FDNY EMT in Woman’s Death Asked Dispatcher to Hide Name

“Don’t put my name in it!” Disgraced EMT Melisa Jackson, accused of ignoring a dying, pregnant coffee-shop worker, was more interested in remaining anonymous than getting aid when she made a halfhearted call to a dispatcher to merely report a woman with “difficulty breathing,” The Post has learned.

The shocking failure by Jackson and Jason Green – her boyfriend and co-worker – to help stricken 25-year-old Eutisha Rennix during their coffee break on Dec. 9, has infuriated Brooklyn prosecutors and raised the duo’s chance of facing even more serious charges, sources said. “I got a job,” Jackson, 23, said in a laid-back manner to a male dispatcher, according to a source who has heard a tape of the conversation. “Au Bon Pain, yeah.” After verifying the shop’s address, the dispatcher seemed to recognize Jackson’s voice and said, “Ohhhh, Melisa,” according to the source. “Don’t put my name in it!” Jackson shot back. The dispatcher replied, “I’m not,” the source said. Jackson gave him her shield number – 0816 – and, referring to Rennix, said, “Female, pregnant,” before adding in a blas way, “I don’t know how old she is.”

Rennix’s co-workers at the Au Bon Pain in Downtown Brooklyn’s Metrotech Center said Jackson and Green had ordered bagels when employee Tareen Brown first approached to say Rennix had collapsed in a back room and insist “you have to help.” “They said, ‘We’re on our break, so there’s nothing we can do,’ ” Brown recalled.

Another worker, David Waters, said Jackson waited three minutes before calling the EMS dispatch office where she worked – several floors above the shop. Shop workers said Jackson and Green then waited another five minutes for their bagel, and repeatedly rebuffed further pleas to check on Rennix. Shortly after the EMTs walked out, two firefighters entered and jumped into action, with one trying to keep Rennix still as she convulsed and the other calling 911, according to a shop manager.

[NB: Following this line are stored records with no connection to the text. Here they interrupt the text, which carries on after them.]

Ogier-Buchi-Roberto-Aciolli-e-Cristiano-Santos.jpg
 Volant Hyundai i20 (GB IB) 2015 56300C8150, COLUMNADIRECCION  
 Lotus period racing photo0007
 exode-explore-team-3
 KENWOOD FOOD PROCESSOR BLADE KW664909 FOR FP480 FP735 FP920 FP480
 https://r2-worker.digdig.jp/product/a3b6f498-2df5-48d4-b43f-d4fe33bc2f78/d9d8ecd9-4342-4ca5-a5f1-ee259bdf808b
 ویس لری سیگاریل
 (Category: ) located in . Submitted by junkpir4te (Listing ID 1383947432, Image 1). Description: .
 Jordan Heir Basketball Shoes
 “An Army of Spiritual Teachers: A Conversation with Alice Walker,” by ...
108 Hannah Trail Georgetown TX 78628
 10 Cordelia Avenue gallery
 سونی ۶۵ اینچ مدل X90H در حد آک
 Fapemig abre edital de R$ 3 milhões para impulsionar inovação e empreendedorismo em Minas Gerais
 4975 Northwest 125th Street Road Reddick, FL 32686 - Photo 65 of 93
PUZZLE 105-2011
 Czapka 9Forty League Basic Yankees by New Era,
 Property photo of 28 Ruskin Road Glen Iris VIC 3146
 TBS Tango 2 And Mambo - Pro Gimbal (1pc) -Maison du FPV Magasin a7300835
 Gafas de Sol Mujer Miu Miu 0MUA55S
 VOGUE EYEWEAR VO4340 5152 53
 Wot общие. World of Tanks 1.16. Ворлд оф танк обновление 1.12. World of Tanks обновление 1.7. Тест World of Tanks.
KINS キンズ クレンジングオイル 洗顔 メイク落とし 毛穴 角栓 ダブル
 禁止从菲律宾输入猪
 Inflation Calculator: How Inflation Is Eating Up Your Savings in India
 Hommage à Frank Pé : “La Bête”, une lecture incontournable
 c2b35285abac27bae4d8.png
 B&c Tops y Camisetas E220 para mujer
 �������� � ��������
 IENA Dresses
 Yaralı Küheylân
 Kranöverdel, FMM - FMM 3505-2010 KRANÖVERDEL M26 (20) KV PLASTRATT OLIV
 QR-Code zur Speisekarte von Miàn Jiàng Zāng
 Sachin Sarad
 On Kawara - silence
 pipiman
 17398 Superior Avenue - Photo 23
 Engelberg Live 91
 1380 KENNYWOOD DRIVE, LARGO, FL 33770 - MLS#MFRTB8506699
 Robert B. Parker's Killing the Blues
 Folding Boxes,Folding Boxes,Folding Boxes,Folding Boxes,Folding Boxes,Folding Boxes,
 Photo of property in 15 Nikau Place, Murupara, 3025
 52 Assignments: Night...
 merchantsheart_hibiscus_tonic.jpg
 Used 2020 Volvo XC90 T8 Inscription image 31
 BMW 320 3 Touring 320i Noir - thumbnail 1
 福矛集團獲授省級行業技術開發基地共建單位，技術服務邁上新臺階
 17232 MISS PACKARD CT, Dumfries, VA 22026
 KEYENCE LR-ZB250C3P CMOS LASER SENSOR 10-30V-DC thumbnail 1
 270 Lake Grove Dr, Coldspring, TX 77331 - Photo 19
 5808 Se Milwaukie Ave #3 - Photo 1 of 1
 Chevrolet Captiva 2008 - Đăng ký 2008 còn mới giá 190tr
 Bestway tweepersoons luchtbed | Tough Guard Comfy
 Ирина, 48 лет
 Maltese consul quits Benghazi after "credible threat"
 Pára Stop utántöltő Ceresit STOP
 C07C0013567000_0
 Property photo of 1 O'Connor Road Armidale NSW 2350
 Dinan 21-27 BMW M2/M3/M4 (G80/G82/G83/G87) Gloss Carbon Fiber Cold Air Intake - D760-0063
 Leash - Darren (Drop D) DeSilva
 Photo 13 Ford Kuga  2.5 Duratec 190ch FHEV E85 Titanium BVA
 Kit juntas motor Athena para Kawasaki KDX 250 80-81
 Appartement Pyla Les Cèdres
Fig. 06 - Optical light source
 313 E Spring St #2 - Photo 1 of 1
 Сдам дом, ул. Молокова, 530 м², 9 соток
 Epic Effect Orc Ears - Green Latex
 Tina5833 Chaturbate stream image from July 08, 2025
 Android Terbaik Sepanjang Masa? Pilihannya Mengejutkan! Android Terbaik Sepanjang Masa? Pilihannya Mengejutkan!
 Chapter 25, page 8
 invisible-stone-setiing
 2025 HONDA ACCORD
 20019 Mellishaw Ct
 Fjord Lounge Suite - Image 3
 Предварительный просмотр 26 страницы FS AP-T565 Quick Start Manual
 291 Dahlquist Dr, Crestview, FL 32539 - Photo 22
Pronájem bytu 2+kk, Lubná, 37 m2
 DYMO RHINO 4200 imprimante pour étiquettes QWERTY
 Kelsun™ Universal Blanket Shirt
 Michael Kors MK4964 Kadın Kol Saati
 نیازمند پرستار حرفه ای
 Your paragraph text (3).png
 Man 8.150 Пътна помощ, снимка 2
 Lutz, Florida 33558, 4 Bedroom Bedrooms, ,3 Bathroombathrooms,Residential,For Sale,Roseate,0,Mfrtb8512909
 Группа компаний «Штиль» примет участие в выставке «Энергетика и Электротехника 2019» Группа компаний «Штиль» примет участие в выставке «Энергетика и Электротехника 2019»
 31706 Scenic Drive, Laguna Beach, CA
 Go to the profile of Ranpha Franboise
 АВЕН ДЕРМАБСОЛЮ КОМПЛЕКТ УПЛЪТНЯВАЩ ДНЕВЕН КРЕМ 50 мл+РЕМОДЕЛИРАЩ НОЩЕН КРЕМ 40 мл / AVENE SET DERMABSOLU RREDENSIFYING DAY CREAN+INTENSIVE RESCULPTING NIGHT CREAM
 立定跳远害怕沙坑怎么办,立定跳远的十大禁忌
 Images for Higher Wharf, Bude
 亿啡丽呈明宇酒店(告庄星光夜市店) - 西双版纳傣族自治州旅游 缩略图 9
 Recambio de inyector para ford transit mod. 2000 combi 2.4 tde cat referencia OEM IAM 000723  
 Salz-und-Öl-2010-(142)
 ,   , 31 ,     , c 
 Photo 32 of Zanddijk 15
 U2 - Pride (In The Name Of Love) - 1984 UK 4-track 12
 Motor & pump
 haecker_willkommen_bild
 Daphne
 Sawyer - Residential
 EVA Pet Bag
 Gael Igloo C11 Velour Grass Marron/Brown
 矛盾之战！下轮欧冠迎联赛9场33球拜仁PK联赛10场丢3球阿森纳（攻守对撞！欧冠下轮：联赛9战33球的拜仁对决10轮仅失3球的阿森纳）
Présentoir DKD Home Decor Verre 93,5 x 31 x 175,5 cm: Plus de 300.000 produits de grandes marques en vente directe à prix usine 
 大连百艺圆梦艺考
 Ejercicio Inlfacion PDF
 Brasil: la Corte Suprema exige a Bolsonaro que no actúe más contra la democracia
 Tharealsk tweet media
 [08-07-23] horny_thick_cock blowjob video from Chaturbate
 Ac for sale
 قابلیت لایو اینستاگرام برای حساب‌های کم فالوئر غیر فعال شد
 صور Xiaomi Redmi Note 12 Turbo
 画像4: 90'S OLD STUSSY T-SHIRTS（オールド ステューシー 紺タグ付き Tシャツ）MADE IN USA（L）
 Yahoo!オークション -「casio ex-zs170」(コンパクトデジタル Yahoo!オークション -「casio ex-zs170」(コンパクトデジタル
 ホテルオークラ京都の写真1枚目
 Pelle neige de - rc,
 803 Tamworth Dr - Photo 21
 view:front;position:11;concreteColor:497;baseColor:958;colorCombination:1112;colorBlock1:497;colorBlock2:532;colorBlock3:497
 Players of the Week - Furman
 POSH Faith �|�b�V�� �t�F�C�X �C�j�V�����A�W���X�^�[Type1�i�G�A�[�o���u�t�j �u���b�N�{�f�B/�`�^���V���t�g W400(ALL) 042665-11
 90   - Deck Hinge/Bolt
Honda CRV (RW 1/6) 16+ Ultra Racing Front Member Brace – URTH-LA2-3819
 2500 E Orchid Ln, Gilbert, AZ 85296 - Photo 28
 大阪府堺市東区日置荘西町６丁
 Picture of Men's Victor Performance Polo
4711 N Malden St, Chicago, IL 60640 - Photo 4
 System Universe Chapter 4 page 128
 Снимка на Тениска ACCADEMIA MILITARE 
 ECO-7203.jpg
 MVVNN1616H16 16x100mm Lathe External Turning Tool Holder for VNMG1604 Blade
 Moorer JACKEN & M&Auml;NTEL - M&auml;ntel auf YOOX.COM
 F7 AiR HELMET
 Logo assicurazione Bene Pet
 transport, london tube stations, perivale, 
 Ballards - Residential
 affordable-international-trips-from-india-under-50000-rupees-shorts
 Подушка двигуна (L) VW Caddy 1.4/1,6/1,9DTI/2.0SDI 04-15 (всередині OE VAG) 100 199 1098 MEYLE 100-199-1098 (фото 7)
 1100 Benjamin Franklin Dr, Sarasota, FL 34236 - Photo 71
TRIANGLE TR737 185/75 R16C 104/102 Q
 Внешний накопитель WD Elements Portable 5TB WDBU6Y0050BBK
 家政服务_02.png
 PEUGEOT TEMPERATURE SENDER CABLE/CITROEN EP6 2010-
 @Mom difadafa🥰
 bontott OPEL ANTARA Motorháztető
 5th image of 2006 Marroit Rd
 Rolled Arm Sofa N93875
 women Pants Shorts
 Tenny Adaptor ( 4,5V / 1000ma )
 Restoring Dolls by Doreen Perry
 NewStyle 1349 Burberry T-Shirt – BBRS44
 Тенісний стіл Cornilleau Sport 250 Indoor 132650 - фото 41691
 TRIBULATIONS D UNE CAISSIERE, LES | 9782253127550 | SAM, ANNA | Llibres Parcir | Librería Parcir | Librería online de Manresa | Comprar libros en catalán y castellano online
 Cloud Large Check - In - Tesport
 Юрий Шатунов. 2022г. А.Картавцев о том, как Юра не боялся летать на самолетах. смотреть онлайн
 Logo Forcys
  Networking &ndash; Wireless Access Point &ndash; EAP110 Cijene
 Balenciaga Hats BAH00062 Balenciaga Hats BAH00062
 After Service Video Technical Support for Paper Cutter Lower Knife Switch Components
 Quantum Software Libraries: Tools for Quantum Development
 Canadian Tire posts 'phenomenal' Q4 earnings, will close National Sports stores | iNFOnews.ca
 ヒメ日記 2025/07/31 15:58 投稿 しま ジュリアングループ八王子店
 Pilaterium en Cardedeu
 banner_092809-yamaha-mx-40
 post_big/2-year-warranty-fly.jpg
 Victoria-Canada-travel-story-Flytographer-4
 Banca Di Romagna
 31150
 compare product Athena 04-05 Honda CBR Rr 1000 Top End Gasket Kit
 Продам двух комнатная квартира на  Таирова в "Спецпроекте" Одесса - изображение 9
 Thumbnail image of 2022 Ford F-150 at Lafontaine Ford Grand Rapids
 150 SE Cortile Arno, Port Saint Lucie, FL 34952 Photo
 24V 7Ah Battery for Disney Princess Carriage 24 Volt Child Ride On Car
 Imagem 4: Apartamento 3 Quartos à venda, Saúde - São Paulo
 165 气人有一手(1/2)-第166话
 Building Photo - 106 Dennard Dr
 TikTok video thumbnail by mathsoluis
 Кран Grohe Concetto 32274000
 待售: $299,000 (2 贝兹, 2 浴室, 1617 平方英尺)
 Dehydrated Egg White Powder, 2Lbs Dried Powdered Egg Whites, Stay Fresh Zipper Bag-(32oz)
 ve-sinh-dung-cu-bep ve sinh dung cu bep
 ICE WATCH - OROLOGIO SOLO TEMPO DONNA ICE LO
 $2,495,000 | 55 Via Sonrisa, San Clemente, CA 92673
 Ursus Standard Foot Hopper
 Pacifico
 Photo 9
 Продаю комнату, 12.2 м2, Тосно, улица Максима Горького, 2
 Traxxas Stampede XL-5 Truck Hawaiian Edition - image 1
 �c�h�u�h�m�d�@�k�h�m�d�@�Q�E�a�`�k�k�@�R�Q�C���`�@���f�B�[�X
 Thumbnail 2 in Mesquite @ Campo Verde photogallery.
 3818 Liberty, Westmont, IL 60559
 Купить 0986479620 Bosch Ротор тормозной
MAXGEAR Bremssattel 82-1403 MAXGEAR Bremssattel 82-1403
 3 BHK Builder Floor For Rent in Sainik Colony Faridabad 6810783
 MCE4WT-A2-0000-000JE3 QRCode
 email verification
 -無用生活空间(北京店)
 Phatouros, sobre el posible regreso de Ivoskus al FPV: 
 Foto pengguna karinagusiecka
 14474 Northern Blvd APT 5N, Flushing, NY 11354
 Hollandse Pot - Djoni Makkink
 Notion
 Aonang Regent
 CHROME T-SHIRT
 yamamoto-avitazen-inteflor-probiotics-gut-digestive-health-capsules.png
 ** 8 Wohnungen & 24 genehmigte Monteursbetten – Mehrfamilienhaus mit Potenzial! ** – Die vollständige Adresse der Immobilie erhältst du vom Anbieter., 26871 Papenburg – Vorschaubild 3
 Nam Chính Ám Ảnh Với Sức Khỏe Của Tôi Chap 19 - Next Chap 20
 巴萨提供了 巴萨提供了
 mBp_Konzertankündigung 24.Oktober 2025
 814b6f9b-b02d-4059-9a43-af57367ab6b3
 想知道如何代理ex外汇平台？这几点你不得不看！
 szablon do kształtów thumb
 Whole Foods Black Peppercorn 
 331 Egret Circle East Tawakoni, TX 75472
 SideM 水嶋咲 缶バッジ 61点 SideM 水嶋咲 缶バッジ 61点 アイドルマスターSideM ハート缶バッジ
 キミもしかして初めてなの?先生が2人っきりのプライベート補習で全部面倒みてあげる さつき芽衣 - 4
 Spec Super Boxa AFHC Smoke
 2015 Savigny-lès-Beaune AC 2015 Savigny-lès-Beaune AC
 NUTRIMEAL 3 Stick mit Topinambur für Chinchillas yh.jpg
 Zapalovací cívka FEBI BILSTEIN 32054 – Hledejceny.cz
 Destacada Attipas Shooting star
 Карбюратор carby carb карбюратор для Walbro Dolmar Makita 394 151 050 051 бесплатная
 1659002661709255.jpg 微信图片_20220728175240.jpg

Prosecutors plan on exhuming Rennix’s body for an autopsy, sources said. Rennix’s family, including mom Cynthia, sister Marva and twin brother Eudane, had already indicated they wanted one. If it suggests Rennix might have been saved if Jackson and Green, 32, had immediately gone to her aid, prosecutors will try to charge both with reckless manslaughter – a crime that carries up to 15 years in prison.